##### DATA SECTION #####

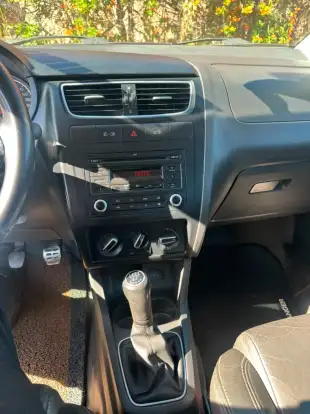 VOLKSWAGEN-CROSSFOX-2010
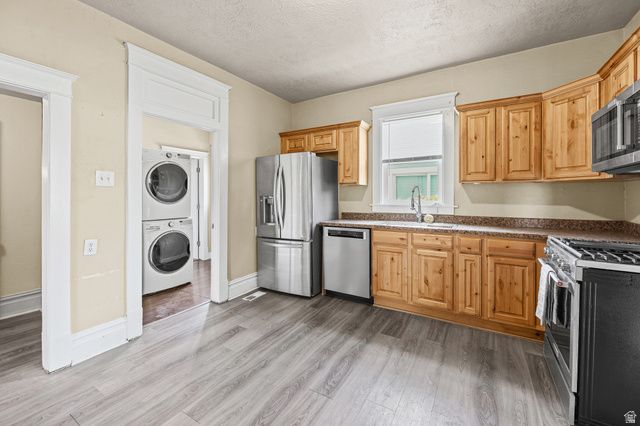 138 E BERYL AVE, Salt Lake City, UT 84115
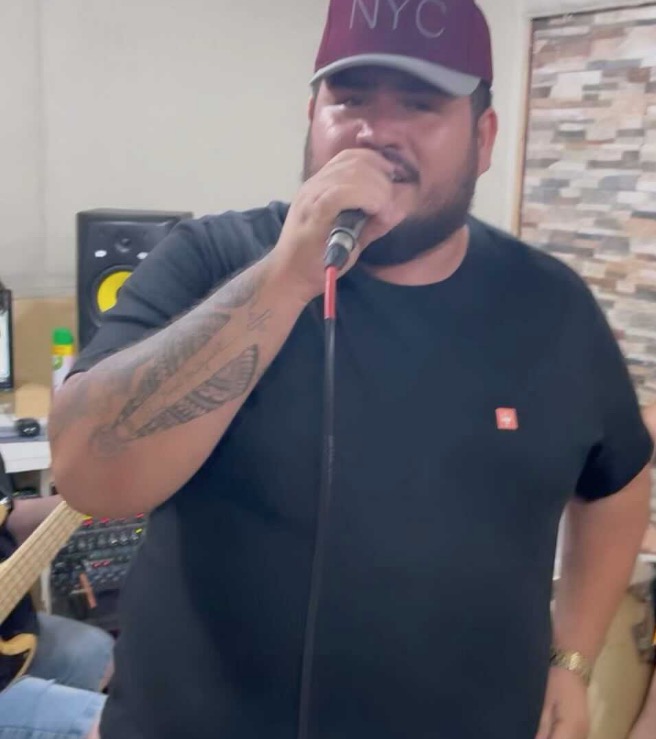 Cantor de forró é assassinado a tiros no Ceará; artista fez stories antes de morrer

#####

## EXERCISE DIRECTIONS
Omit the pictures, then copy out all the data exactly as it stands.

## ANSWER SPACE
 VOLKSWAGEN-CROSSFOX-2010
 138 E BERYL AVE, Salt Lake City, UT 84115
 Cantor de forró é assassinado a tiros no Ceará; artista fez stories antes de morrer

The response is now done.